De acuerdo con que al principio
viajábamos de aquí para allá, durmiendo en cualquier parte, viviendo de la
caridad, pero eras demasiado chico para darte cuenta de las penurias. Nunca te
faltaron atenciones, esa es la verdad, te dimos todo cuanto pudimos y cuando por
fin logramos establecernos en este barrio, me dejé las manos en el taller para daros sustento a ti y a tu madre, en silencio, soportando las habladurías
sobre nuestro origen.
Jamás te
levanté la voz, ni siquiera con los revuelos que aún formas junto a esa
cuadrilla con la que pasas la semana sin trabajar ni estudiar.
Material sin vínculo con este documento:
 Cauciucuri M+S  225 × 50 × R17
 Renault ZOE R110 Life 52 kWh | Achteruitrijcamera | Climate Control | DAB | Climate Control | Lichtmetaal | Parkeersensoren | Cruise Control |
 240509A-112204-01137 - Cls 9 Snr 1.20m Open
Pero hoy, tras
tres días sin saber de ti —dijiste que te ibas de cena—, te presentas medio
desnudo, con mil magulladuras, pero con aires de grandeza, como si me importara
cómo han quedado los otros y las hostias que te quedan por repartir. Y para más
inri me revelas que tienes otro padre y que todo se debe a causa del amor,
mientras tu madre como excusa o refugio me responde llorando por los rincones
como una Magdalena. Lo cierto es que tal y como vienes dos hostias más poco
efecto te causarían, así que he pensado que lo mejor es que te envíe una
temporada con tus abuelos de Nazaret.